ATT is now running fiber there and sent me notice I could switch, at additional cost of course. I've read ATT is getting out of the copper-to-home business entirely, will sell remaining customers to small home town providers. My suspicion is my signal is bad due to total neglect of the 100 year old copper infrastructure, or possibly intentional bad service to drive off the last copper customers.
2) I tried that HF $4.99 trickle charger to maintain a tractor I didn't use for months at a time, concluded that leaving it connected past a couple of days boiled out the battery water needing water added occasionally to a battery that never needed this before. I attach it now only if a voltmeter shows around 12.4 volts or below, and only for a day or so. For continual use like internet service I would buy a more sophisticated charger.
3) I have a jump-start battery here at the ranch, and have the connectors to use its 12v for the router, 12v phone chargers, and some LED lighting, if needed. Also an inverter if needed for some other gadget. This battery is a little neater than a home brew system built up from a car battery.
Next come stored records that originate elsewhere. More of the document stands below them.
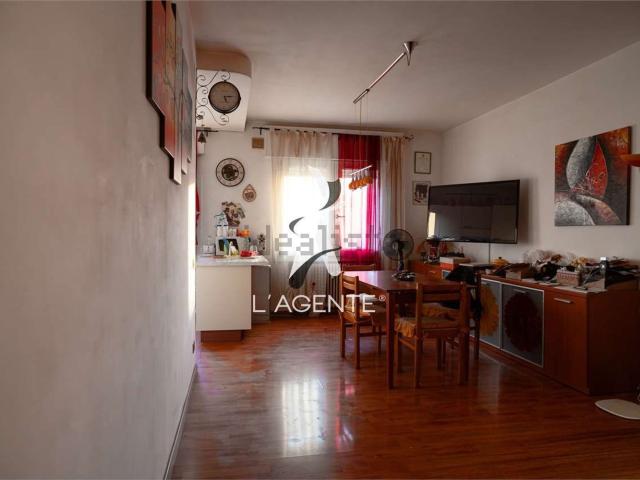 Appartamento in vendita di 92 m² in Via Vettor Pisani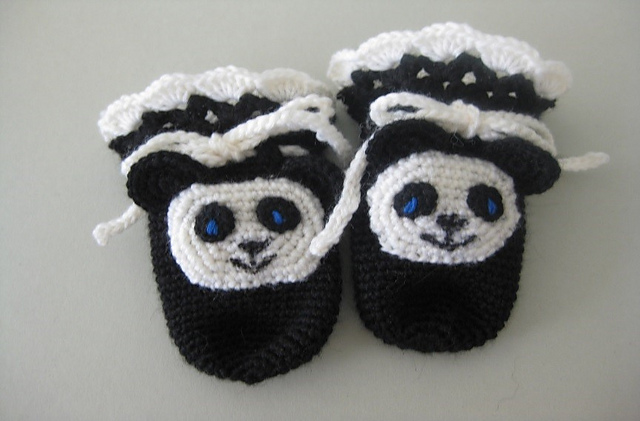 Cute Baby Panda Mittens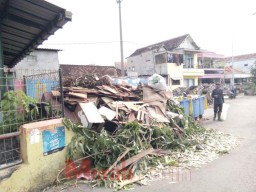 Diduga Tak Maksimal, Pengelolaan Angkutan Sampah masih Berserakan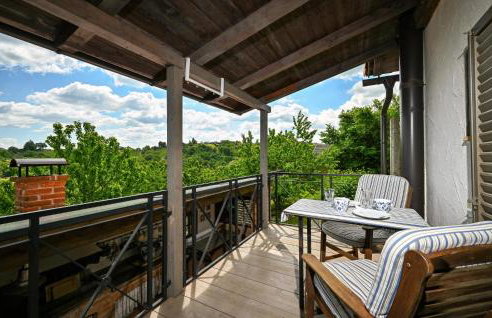 2 Bedroom Amazing Home In Vrtlinovec - Foto 12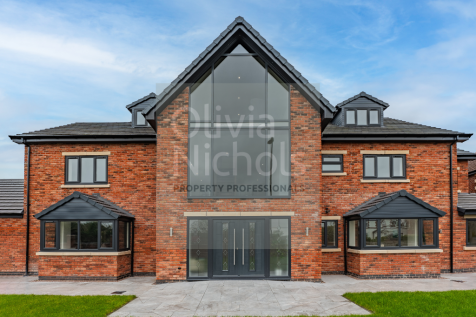 7 bedroom detached house for sale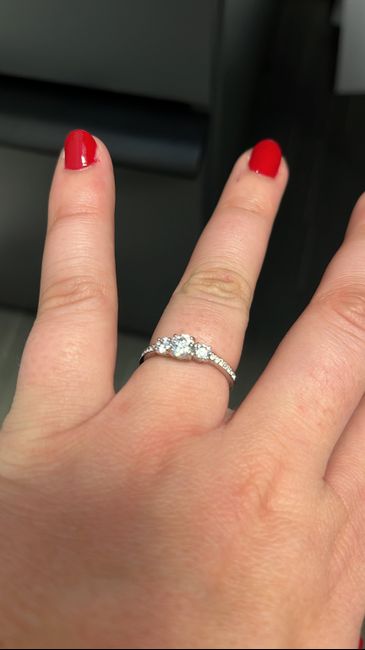 ¿Tu anillo de compromiso se parece a este? 👇 - 1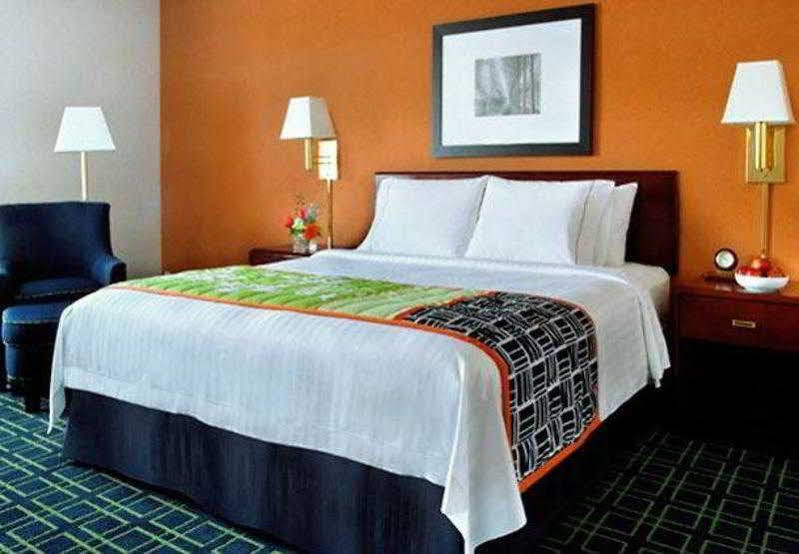 Fairfield Inn By Marriott Amesbury Eksteriør billede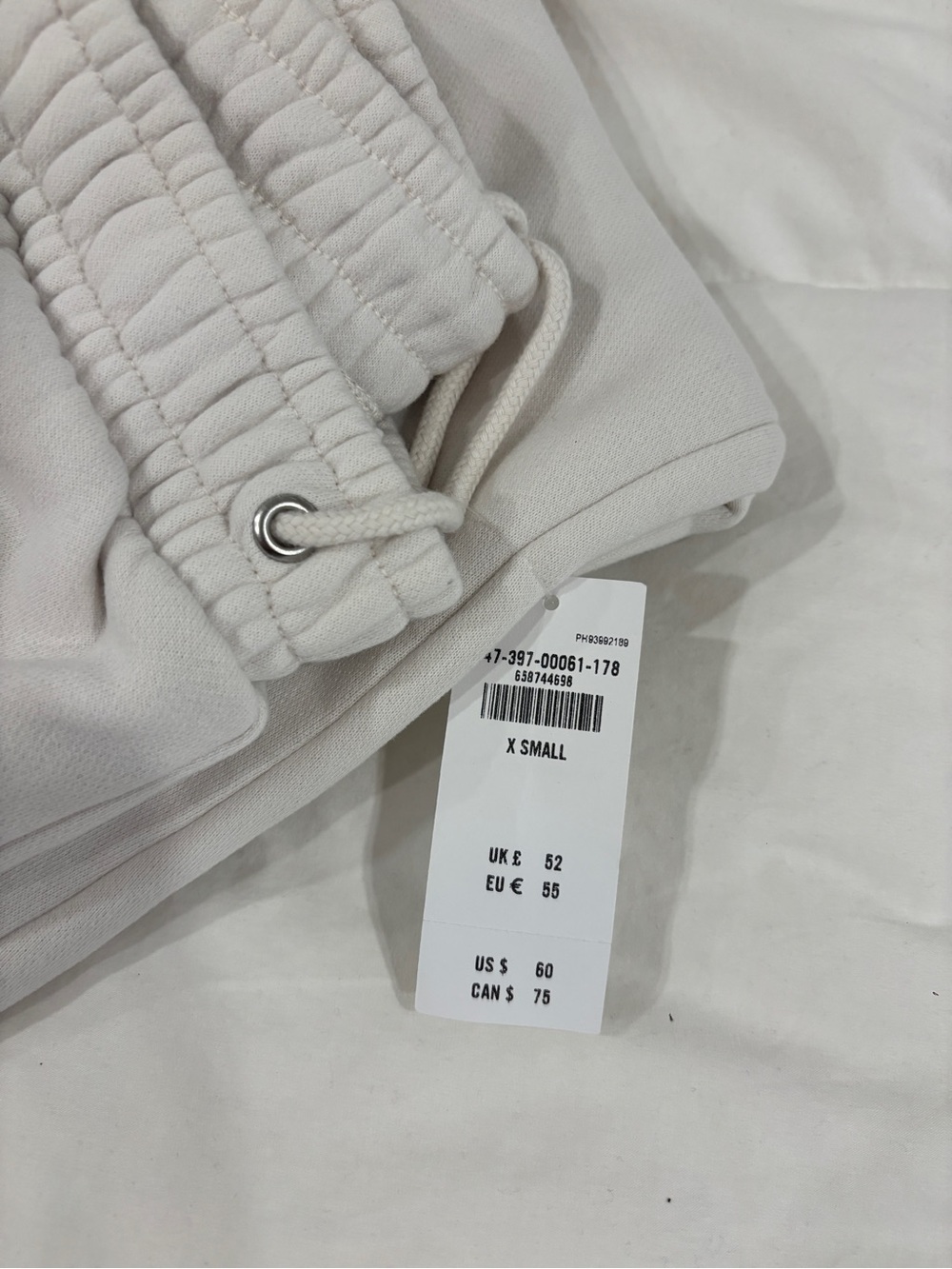 Abercrombie & Fitch Cream Drawstring Joggers
Womens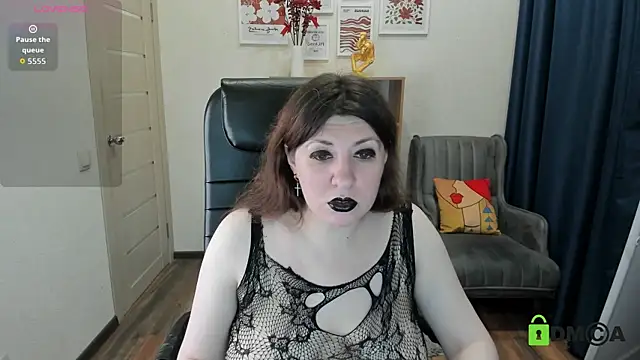 Snapshot of Black_Black_Rose chatting on 06/27/26, 08:15 Black Black Rose online show from 06/27/26, 08:15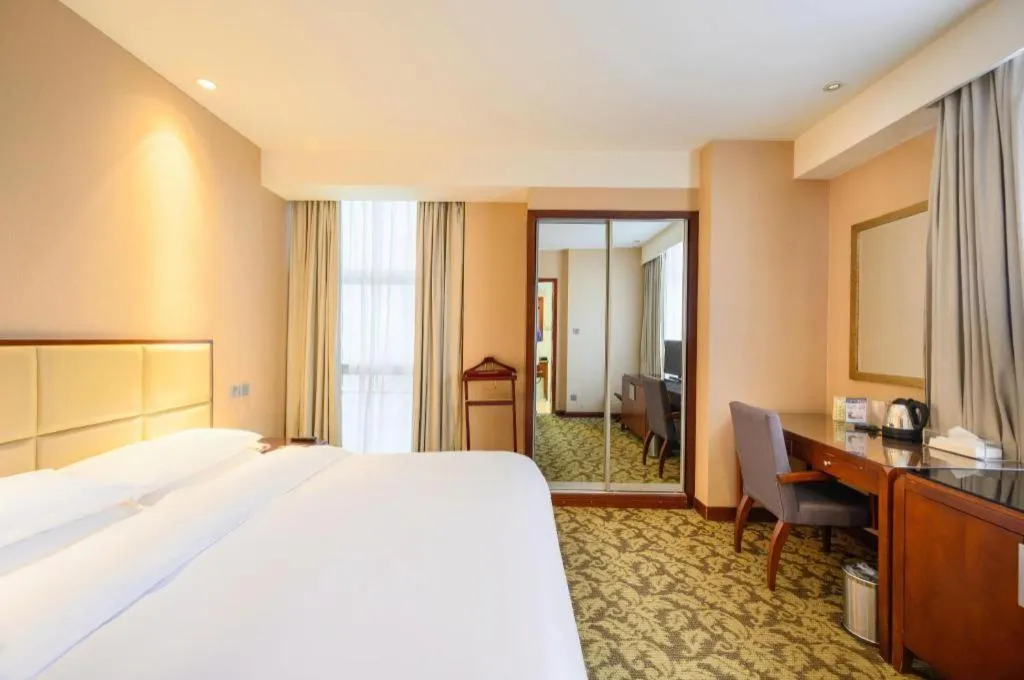 Bed in Xiamen Fortune Hotel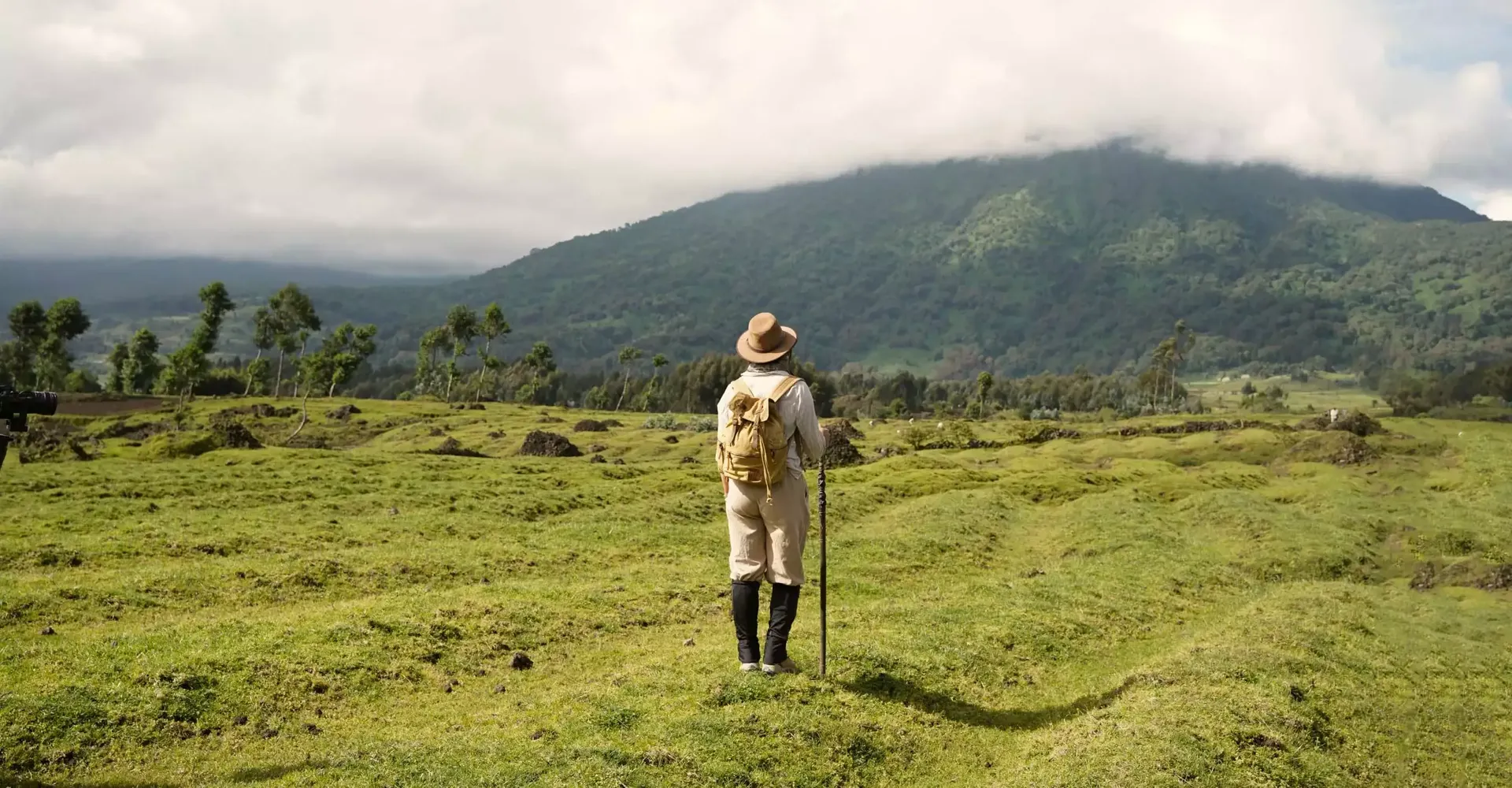 Rwanda becomes the preferred option in a Uganda vs Rwanda Safari when travelers prioritize comfort, efficiency, and a premium experience. It is especially suited for those who want a seamless journey with minimal travel time and high-quality accommodation.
4) And sorta relevant: I read some techie wired his Prius to power a fairly large inverter for minor emergency lighting etc in his house. Not using the high voltage that drives the traction motor, but rather he said because the engine is frequently restarted a Prius has a huge (120 amp?) 12v alternator and large battery ideal to power an inverter. He said the car starts itself and runs a few minutes to recharge its 12v battery, at something like hour intervals. He said he looked into tapping the high voltage/high amperage propulsion battery system and that looked to be complex, expensive, and dangerous, not worth the trouble for something he would rarely need.